Die Zuwanderung erleichtern? Da ist sich die Ampel einig. Aber Innenministerin Nancy Faeser will auch das Waffenrecht verschärfen – und hat Ärger mit der FDP.

Die Stimmung in der Koalition ist gerade irgendwo zwischen mies und unterirdisch. Aber nein, es war natürlich keine Flucht aus dem tristen Berlin, als Innenministerin Nancy Faeser und Arbeitsminister Huberuts Heil am Sonntag gen Kanada aufbrachen.

Die beiden SPD-Politiker wollten sich vor Ort umgucken, wie man das macht: ein erfolgreiches Einwanderungsland werden. Schließlich hat die Ampelkoalition genau das auch mit Deutschland vor. Noch in diesem Frühjahr könnte das Kabinett das sogenannte Fachkräfteeinwanderungsgesetz beschließen. Klingt sehr bürokratisch, soll Einwanderung in den deutschen Arbeitsmarkt aber deutlich erleichtern.

t-online: Frau Faeser, was kann Kanada, was Deutschland nicht kann?

Nancy Faeser: Deutschland kann von Kanada sehr viel lernen. Die Kanadier wollen, dass Menschen aus aller Welt zu ihnen kommen, um sich aktiv in Wirtschaft und Gesellschaft einzubringen und Kanada voranzubringen. Deshalb gibt es eine ausgeprägte Willkommenskultur, die auch sehr stark gelebt wird.

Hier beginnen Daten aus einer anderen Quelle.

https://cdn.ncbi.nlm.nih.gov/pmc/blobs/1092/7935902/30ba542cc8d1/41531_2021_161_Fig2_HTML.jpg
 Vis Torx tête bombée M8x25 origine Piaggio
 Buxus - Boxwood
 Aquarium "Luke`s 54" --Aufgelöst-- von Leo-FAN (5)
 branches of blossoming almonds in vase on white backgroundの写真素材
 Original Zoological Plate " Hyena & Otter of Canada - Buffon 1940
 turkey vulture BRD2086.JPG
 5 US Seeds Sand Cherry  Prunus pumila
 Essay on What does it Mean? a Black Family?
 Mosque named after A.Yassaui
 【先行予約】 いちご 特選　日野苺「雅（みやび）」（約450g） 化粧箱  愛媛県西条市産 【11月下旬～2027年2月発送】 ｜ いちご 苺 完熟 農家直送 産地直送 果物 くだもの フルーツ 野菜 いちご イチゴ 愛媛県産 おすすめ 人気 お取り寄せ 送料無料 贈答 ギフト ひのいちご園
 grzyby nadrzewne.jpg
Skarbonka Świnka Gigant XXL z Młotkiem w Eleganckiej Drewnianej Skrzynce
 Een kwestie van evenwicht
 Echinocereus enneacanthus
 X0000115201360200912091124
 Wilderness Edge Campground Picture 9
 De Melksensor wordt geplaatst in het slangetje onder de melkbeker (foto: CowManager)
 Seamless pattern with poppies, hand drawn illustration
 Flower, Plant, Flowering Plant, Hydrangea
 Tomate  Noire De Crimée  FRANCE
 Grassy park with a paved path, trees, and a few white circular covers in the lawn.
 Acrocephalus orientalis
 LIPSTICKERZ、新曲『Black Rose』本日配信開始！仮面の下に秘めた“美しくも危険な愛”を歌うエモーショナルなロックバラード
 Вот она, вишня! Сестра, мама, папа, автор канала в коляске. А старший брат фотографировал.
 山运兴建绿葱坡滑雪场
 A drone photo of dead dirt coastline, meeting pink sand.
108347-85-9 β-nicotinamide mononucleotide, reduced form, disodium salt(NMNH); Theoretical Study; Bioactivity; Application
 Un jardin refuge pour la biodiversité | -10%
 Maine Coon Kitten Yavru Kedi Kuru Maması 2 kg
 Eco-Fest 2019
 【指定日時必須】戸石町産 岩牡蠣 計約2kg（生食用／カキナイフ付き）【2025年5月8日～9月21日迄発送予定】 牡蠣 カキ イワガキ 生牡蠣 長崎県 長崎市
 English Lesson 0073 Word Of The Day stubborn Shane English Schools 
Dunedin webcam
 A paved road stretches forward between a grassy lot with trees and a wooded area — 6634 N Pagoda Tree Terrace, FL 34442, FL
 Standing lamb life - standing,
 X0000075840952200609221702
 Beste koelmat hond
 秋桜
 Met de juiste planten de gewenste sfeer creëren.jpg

Sie haben für die geplante Reform des Einwanderungsrechts das kanadische Punktesystem kopiert. Wer mindestens sechs Punkte gesammelt hat, etwa durch berufliche Qualifikation oder Sprachkenntnisse, kann auch ohne Arbeitsvertrag nach Deutschland kommen und dort maximal ein Jahr nach einem Job suchen. Die Arbeitsaufnahme zu erleichtern, leuchtet vielen ein. Aber warum wollen Sie, dass es auch leichter wird, Deutscher zu werden?

Zum einen: Sie haben recht, die geplante Chancenkarte ist dem kanadischen Punktesystem in der Tat sehr ähnlich. Aber es gibt noch viel mehr zu tun. Wir müssen in Deutschland auch noch viel Bürokratie abbauen. Kanada ist gerade dabei, eine App zu entwickeln, mit der man den gesamten Einwanderungsantrag abwickeln kann. Das ist auch für Deutschland eine gute Idee. Das Wichtigste aber ist: Wir brauchen eine andere Haltung. Deutschland ist schon lange ein Einwanderungsland. Es ist eine Lebenslüge von CDU und CSU, diese Erkenntnis immer verweigert zu haben – und ein Riesenfehler, nicht gehandelt zu haben. Jetzt fehlen uns Hunderttausende qualifizierte Kräfte in diversesten Branchen. In Kanada können Menschen, die gut integriert sind, schnell auch kanadische Staatsbürger werden. Bei uns sind dagegen die Hürden viel zu hoch. Deshalb reformieren wir auch unser Staatsangehörigkeitsrecht.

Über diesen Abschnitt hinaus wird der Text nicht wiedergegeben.